MUCHA NOCHE PARA UN DÍA

La nueva temporada teatral del Palacio de Festivales acaba de inaugurarse este viernes con la obra de un dramaturgo muy representado en estas tierras: Alberto Conejero. Todas las noches de un día fue un texto premiado por la Asociación de Autores y llevado a las tablas por Luis Luque, con Ana Torrent y Carmelo Gómez como únicos y estelares protagonistas.
Con ecos notables de Pinter y Maeterlinck, el texto de Conejero fluye entre las paredes de un invernadero, una suerte de hortus conclusus que asfixia intramuros a los personajes que pretende proteger. El discurso de Todas las noches de un día se mueve entre lo poético y lo caótico con fortuna desigual: hay grandes aciertos y flechas de luz en un marasmo discursivo tan previsible como confuso.
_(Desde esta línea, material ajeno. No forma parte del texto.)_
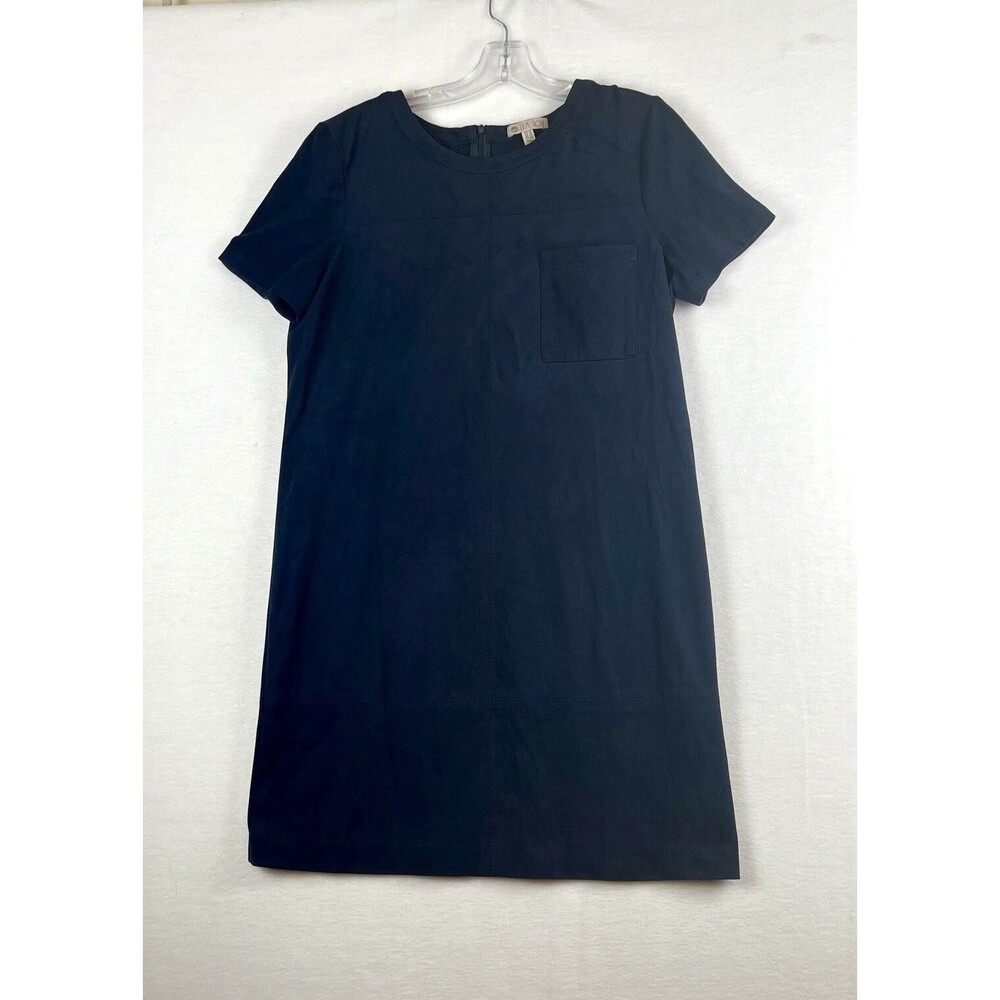 Vegan Suede Short Sleeve Shift Dress Pockets Navy Blue Size 8 Lila Rose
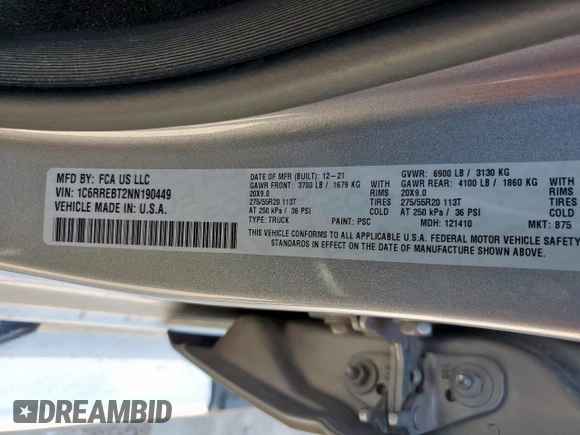 2022 Ram 1500 Big Horn with VIN 1C6RREBT2NN190449, listed as a Copart auction lot 57253495 with 88,735 mi miles and Salvage title. Bid and sale history available at DreamBid. Image 12.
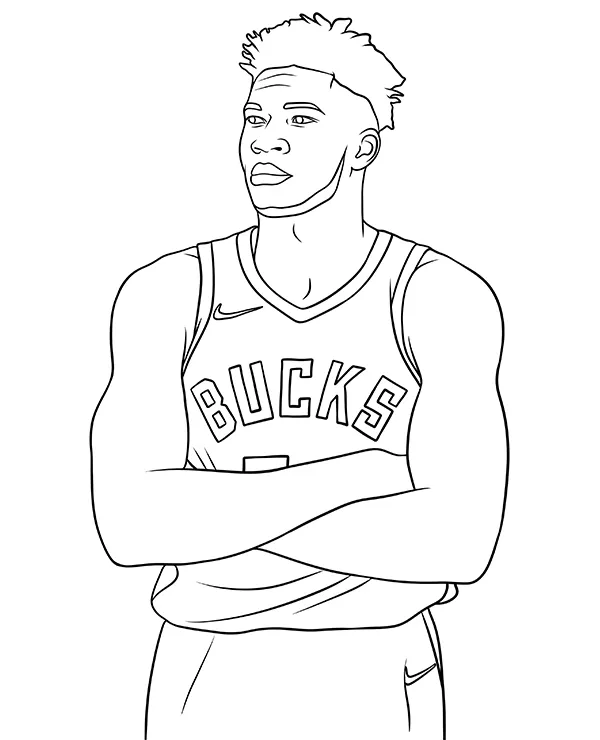 Giannis Antetokounmpo kolorowanka nba - Ausmalbild zum Ausdrucken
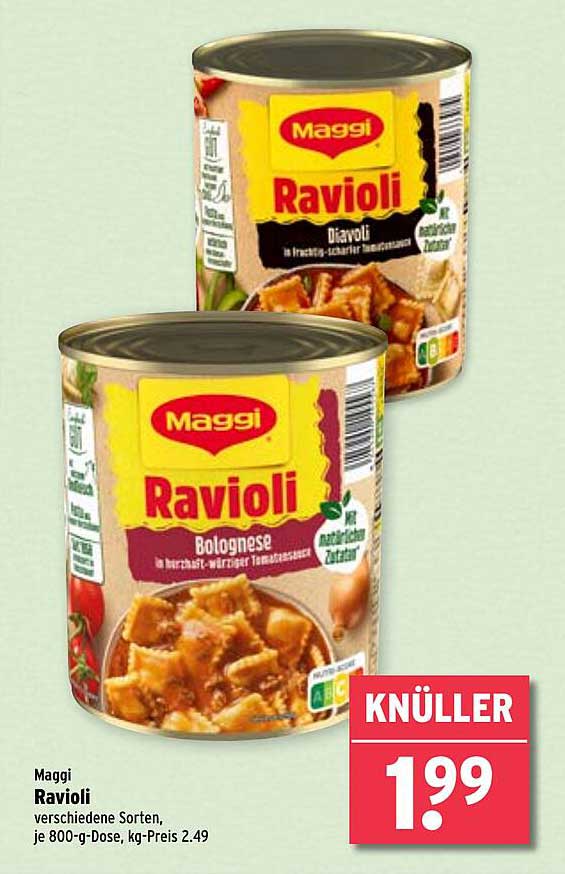 Maggi Ravioli, verschiedene Sorten, je 800-g-Dose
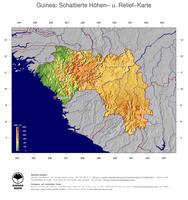 #5 Landkarte Guinea: farbkodierte Topographie, schattiertes Relief, Staatsgrenzen und Hauptstadt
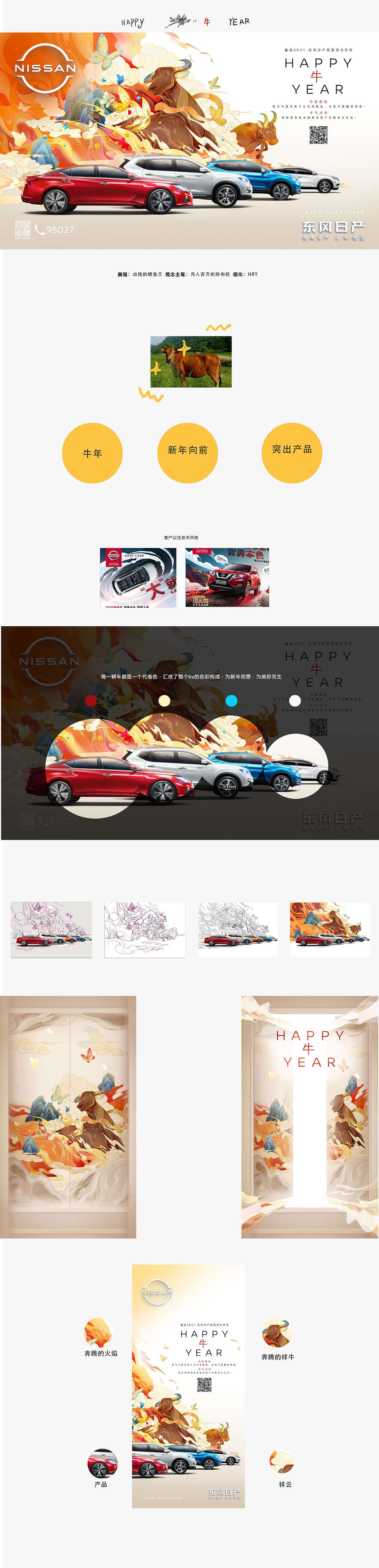 东风日产 HAPPY 牛 YEAR（图ZMjM5MDE2Nzk2） - 商业插画 - 站酷设计师月入百万的胖布欧原创素材 - 站酷ZCOOL
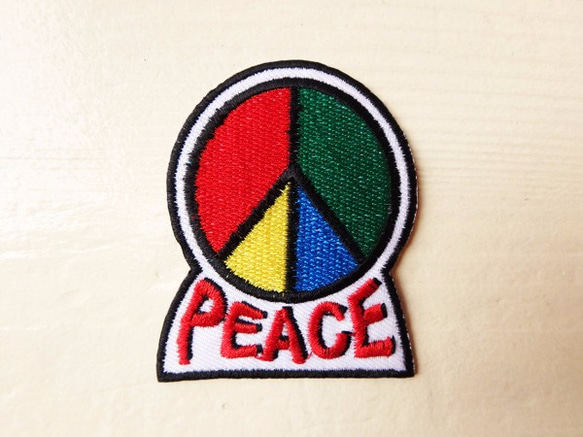 刺繍ワッペン＊ピースマーク PEACE 1枚目の画像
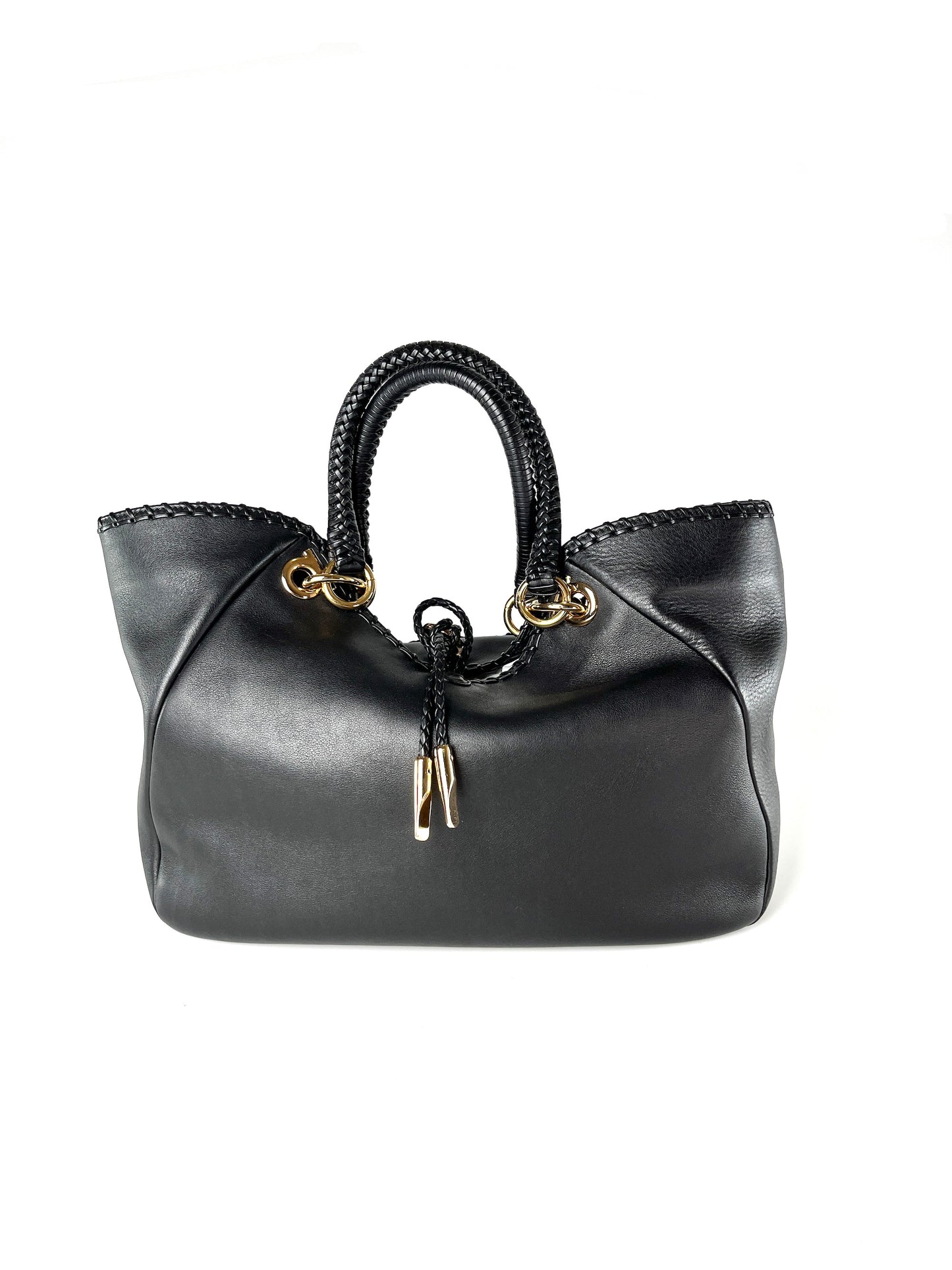 Salvatore Ferragamo Black Gancini Braided Leather Tote Bag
Y es que, aun conociendo desde el principio lo que ocurre y lo que va a ocurrir —el simbolismo de los trajes rojo y negro de Ana Torrent (Silvia) es demasiado obvio, y ya en los primeros minutos, con el interrogatorio policial, queda clara la búsqueda esencial—, la acción se desarrolla con ritmo desequilibrado y pega bandazos emocionales innecesarios, probablemente en un intento de ahondar en la idea principal y en la psicología de los personajes: Silvia, traumatizada por el violento incesto sufrido en su juventud, se aísla en un jardín imaginario; en su papel de flor mancillada, rechaza el amor delicado y verdadero que le ofrece su jardinero cuidador (Samuel, quien a su vez arrastra un peculiar complejo derivado de la relación con sus padres) y se entrega a la autodestrucción.
Desde el punto de vista escénico, el montaje se resuelve en un recoleto espacio que evoca la pequeñez del invernadero y su clausura respecto al mundo exterior; se echa en falta mayor imaginación al resolver varias escenas —los interrogatorios, los devaneos de Silvia, la propia contemplación y enumeración de las flores…—. De la pareja de actores conservamos el recuerdo de papeles inolvidables. Aquí, en cambio, no nos logran conmover: Carmelo Gómez como Samuel adopta un registro anodino que no abandona en toda la representación y que resulta muy forzado, mientras que la Silvia de Ana Torrent roza el exceso en más de un pasaje. Seguramente ambos están lastrados por los retorcimientos anímicos y léxicos que les impone el texto, por la demasía de noches que no dejan ver el día.